Description of problem: When a qemu process is non-responding (the qemu monitor commands time out) the state of the VM is not set to non-responding Version-Release number of selected component (if applicable): vdsm-4.17.26-0.el7ev.noarch How reproducible: 100% Steps to Reproduce: 1. kill -19 <qemu_pid> Actual results: VM is marked as UP Expected results: Vm is marked as non-responding Additional info: The responsive state is set in virdomain.Notifying when libvirt returns libvirt.VIR_ERR_OPERATION_TIMEOUT. If the call to the dom object does not return the time out exception, the VM is marked as in UP state again. This is problem as some calls to the dom object are non blocking. dom.controlInfo() or dom.metadata() for instance. This information is requested pretty often and the VM is always marked as responding when these calls are triggered. Control infor is called ~2 sec.
(In reply to Roman Hodain from comment #0) > Additional info: > The responsive state is set in virdomain.Notifying when libvirt returns > libvirt.VIR_ERR_OPERATION_TIMEOUT. If the call to the dom object does not > return the time out exception, the VM is marked as in UP state again. This > is problem as some calls to the dom object are non blocking. > dom.controlInfo() or dom.metadata() for instance. This information is > requested pretty often and the VM is always marked as responding when these > calls are triggered. Control infor is called ~2 sec. This is correct, but we must make sure that libvirt itself times out, because if it doesn't, there is little Vdsm can do. Vdsm cannot be too smart here, because this can create false positives; the periodic framework (which calls -albeit indirectly- controlInfo as you reported) already have aggressive timeouts, and this as smart as we can get. So the first step is to make sure that libvirt behaves as we expect.

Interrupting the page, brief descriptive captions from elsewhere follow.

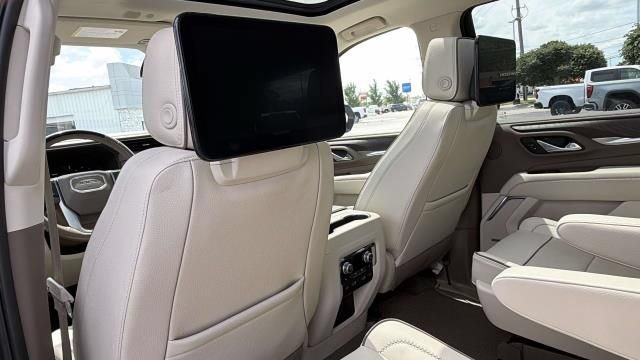 Used 2023 GMC Yukon Denali w/ Advanced Technology Package AWD/4WD image 34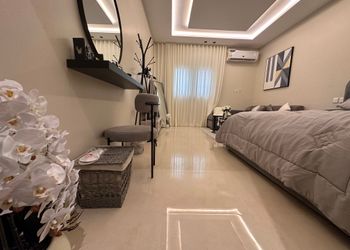 استديو هادئ بسرير ماستر 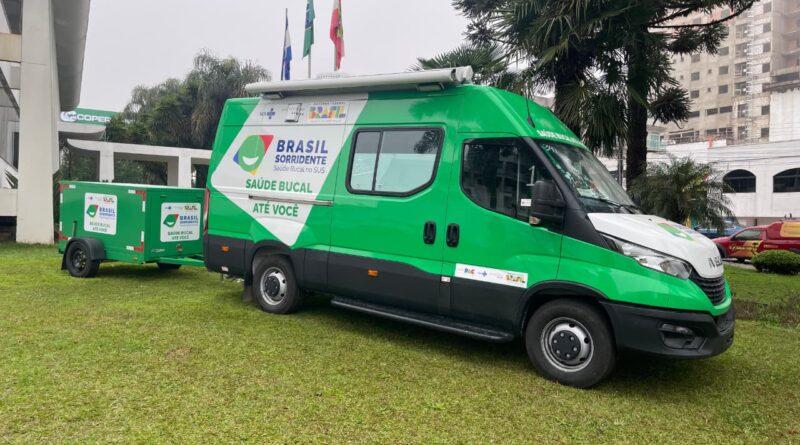 Campos Novos recebe Unidade Odontológica Móvel do Programa Brasil Sorridente.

There is a bug in the responsiveness reporting using bulk stats. The other timeout reporting - depending on the VM calls return value seems OK. Working on a fix.
Please check https://gerrit.ovirt.org/#/c/61310/3//COMMIT_MSG to learn about the bug I found, and how the fix will address it.
(In reply to Francesco Romani from comment #5) > Please check https://gerrit.ovirt.org/#/c/61310/3//COMMIT_MSG to learn about > the bug I found, and how the fix will address it. I do not think that this address the bug. The problem is that even if you fix the issue with bulk stats. we still call dom.controlInfo() and dom.metadata(). These two call periodically sets the VM to up state event if it is completely non-responding. This is caused by [1] The Vm class reports the monitor responsiveness in two ways: 1. if a libvirt operation reports a timeout (a standard libvirt exception) 2. if one sampling operation hangs for too long virdomain.py: ... class Notifying(object): ... def __getattr__(self, name): attr = getattr(self._dom, name) if not callable(attr): return attr def f(*args, **kwargs): try: ret = attr(*args, **kwargs) self._cb(False) return ret except libvirt.libvirtError as e: if e.get_error_code() == libvirt.VIR_ERR_OPERATION_TIMEOUT: self._cb(True) toe = TimeoutError(e.get_error_message()) toe.err = e.err raise toe raise return f Here we call self._cb(True) if we get libvirt.VIR_ERR_OPERATION_TIMEOUT. __cb sets self._monitorResponse = -1 if passing True. The problem is that we also set that to false after any seccssful call. And here is the problem as dom.controlInfo() and dom.metadata() are always successful. Libvirt does not need to contact qemu in order the return the result for these calls. I tested the patches and I see the following: # virsh -r domcontrol test3 occupied (1295.299s) So there something hanging on the monitor for long time but # vdsClient -s 0 getVmStats 59e35577-57f9-4e89-8c2f-e61b7d98fff6| grep 'Status\|vmName' Status = Up vmName = test3 The engine also show the VM in up state.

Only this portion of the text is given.